Dziś pierwszy dzień matur. 317 tys. uczniów z 3910 liceów egzamin dojrzałości zaczyna od egzaminów ustnych. Obowiązkowo muszą zdać język polski i obcy, chętni mogą także wykazać się znajomością drugiego języka obcego.
Egzamin z języka polskiego wszyscy uczniowie zdają na jednym poziomie. W tym roku na ustnej maturze uczniowie nie losują tak jak dotychczas kartki z trzema pytaniami. Na egzaminie przez ok. 15 minut przedstawiają wybrany przez siebie temat (wyboru dokonali we wrześniu). Podczas prezentacji uczniowie mogą wykorzystywać fotografie, filmy czy inne pomoce naukowe, które ubarwią ich wypowiedź.
Druga część egzaminy ustnego to rozmowa z komisją. Przez 10 minut uczniowie będą odpowiadać na pytania dotyczące prezentowanego tematu.

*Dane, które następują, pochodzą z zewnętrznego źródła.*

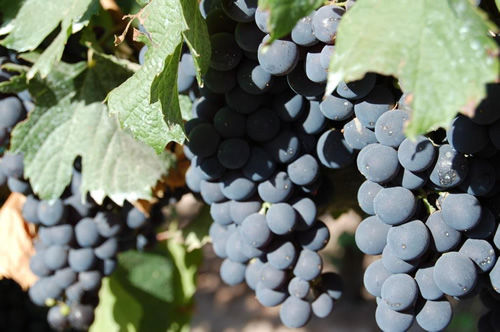 Grapes of Mendoza, Argentina.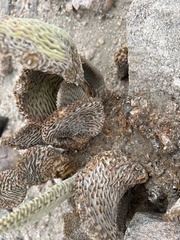 Opuntia basilaris basilaris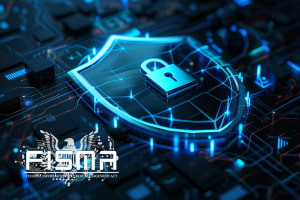 Unraveling FISMA - Cybersecurity With Regulatory Frameworks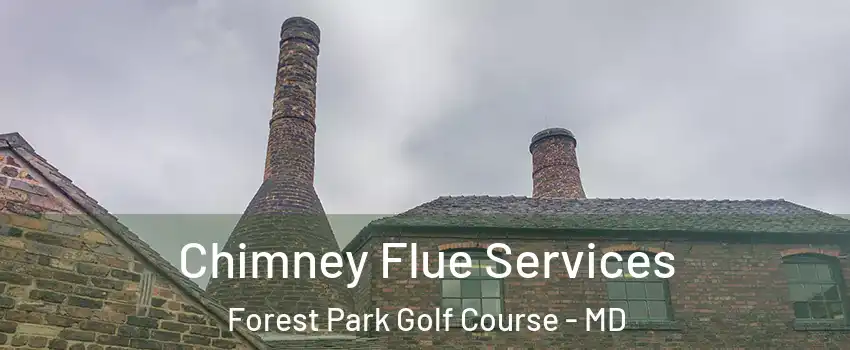 Chimney Flue Services Forest Park Golf Course - MD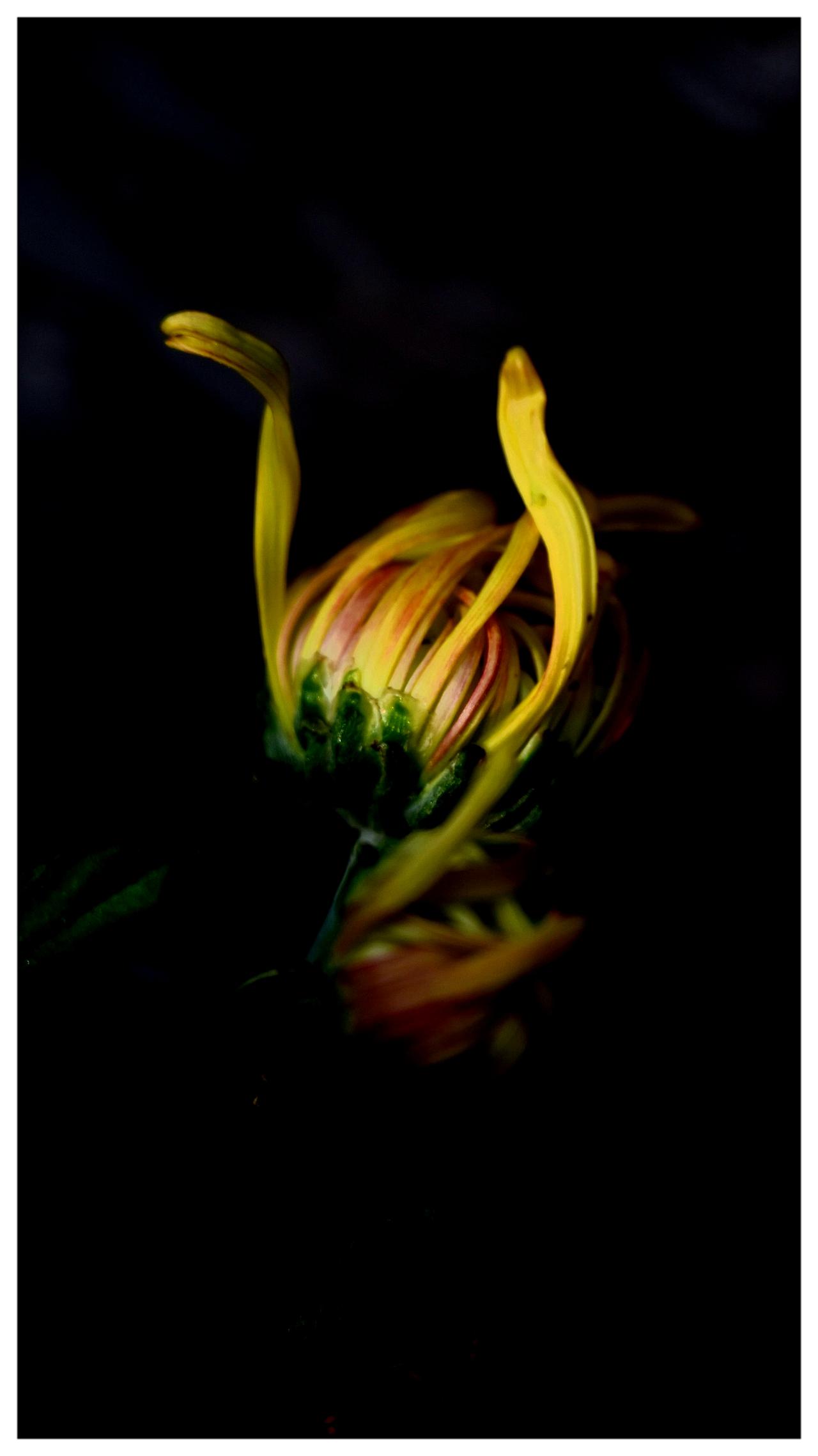 秋菊
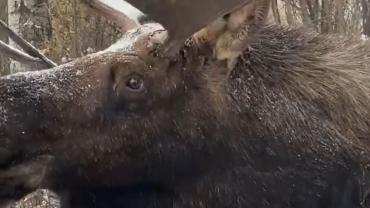 Moose up close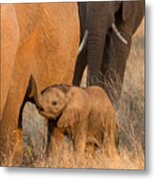 Baby Elephant 2 Metal Print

Żeby zaliczyć maturę z polskiego, trzeba zdobyć 30 proc. punktów. Egzamin zostanie oceniony pozytywnie tylko wówczas, gdy uczeń zaprezentuje pracę i odpowie na pytania komisji. Jeśli ktoś odmówi rozmowy z komisją, nie zda.
Drugim obowiązkowym przedmiotem na ustnej maturze jest język obcy. Z danych Centralnej Komisji Egzaminacyjnej wynika, że najwięcej uczniów będzie zdawało maturę z języka angielskiego - 77 proc., na niemiecki zdecydowało się 18 proc., rosyjski 5,5 proc., francuski 1,6 proc. Inne języki cieszą się znacznie mniejszą popularnością: na włoski zdecydowało się 480 uczniów w całym kraju, hiszpański - 377, słowacki - 17, szwedzki -12, portugalski - 8.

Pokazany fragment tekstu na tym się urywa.